Figure 5. Expression of different PI-PLCs' siRNAs, and their effect on VSV-G transport

HeLa cells were transfected with siRNAs in order to block specific PI-PLCs. The resulting extracts prepared 72 h post-transfection were analysed by Western blot for each corresponding PLC (left upper lane for each protein), and then compared with non-transfected cellular extracts (right upper lane). As a control for protein expression, the extracts were monitored for β-tubulin expression (lower lanes). In a parallel experiment, siRNA-treated cells were transfected with GFP–VSV-G tsO45 48 h after siRNA transfection. After 24 h of VSV-G expression, cells were temperature-shifted as described in the Experimental section, and analysed by immunofluorescence to monitor the localization of VSV-G in the cell. Blocking of TGN to plasma membrane transport (circled ‘–’) was considered when less than 20% of GFP–VSV-G reached the cell surface, and normal transport (+) when more than 75% of the VSV-G-expressing cells had this protein localized at the plasma membrane. No data (ND) were collected from PLCβ2-siRNA-transfected cells, since they died 24–36 h post-siRNA transfection. Corresponding molecular masses in kDa are: PLCβ1: 134; PLCβ2: 130; PLCβ3: 132; PLCγ1: 142; PLCδ1: 83; and PLCϵ: 250. All siRNA Western blots and transport experiments were repeated four times.

Figure 6. PLCβ3 siRNA blocks VSV-G transport and PKCη/PKD activation

(A) Western blots showing the expression of PLCβ1 and PLCβ3 in normal cells (NT), siRNA-transfected cells, and siRNA-treated cells where the corresponding rat wild-type protein (ratPLCβ1 or 3 wt) was overexpressed for 24 h before cell lysate preparation. (B) Measurement of VSV-G transport in cells undergoing the same experimental conditions described in (A), shown as a percentage of GFP–VSV-G-expressing cells where this protein has reached the cell surface. Values are means (±S.D., vertical bars) for three separate experiments. (C) Measurement of PKCη activation (Phospho-PKCη Thr⁶⁵⁵) in extracts proceeding from the cells described in (A). (D) Same as (C) but for PKD1 activation (Phospho-PKD1 Ser⁷⁴⁴/Ser⁷⁴⁸). In order to determine activity of protein kinases in (C, D), cells were co-transfected with FLAG–β1–HA–γ2, FLAG–PKCη and GST–PKD1. All the experiments shown in (A, C, D) were repeated four times.

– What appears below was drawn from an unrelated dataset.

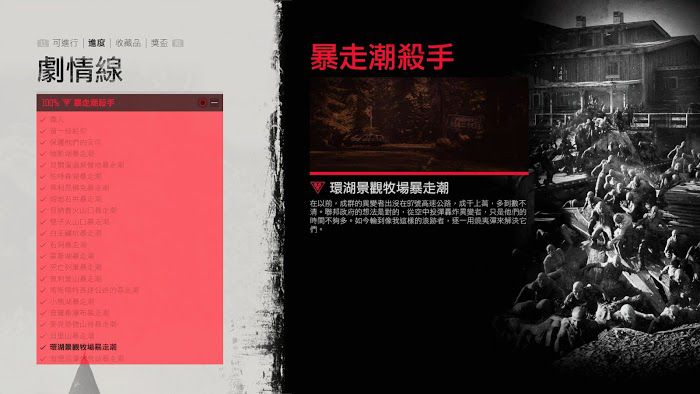 往日不再 (Days Gone) 全暴走潮出現條件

Figure 7. Model for TGN to plasma membrane transport regulation

We propose that a still undiscovered signal is generated at the cell surface via GPCR. This causes the activation of a G-protein, allowing βγ subunits to translocate to the TGN, where they are able to activate PLCβ3 by binding to its PH domain. The activation of this phospholipase leads to the formation of DAG, which has two roles at the TGN: to directly activate PKCη, and to allow PKD1 to translocate to this Golgi compartment by direct binding to its C1a domain. Then, PKCη binds to the PH domain of PKD, which enables its phosphorylation by the former at its activation loop. Finally, PKD1 activation induces cargo-filled vesicle fission at the TGN by phosphorylation of still unknown downstream effectors.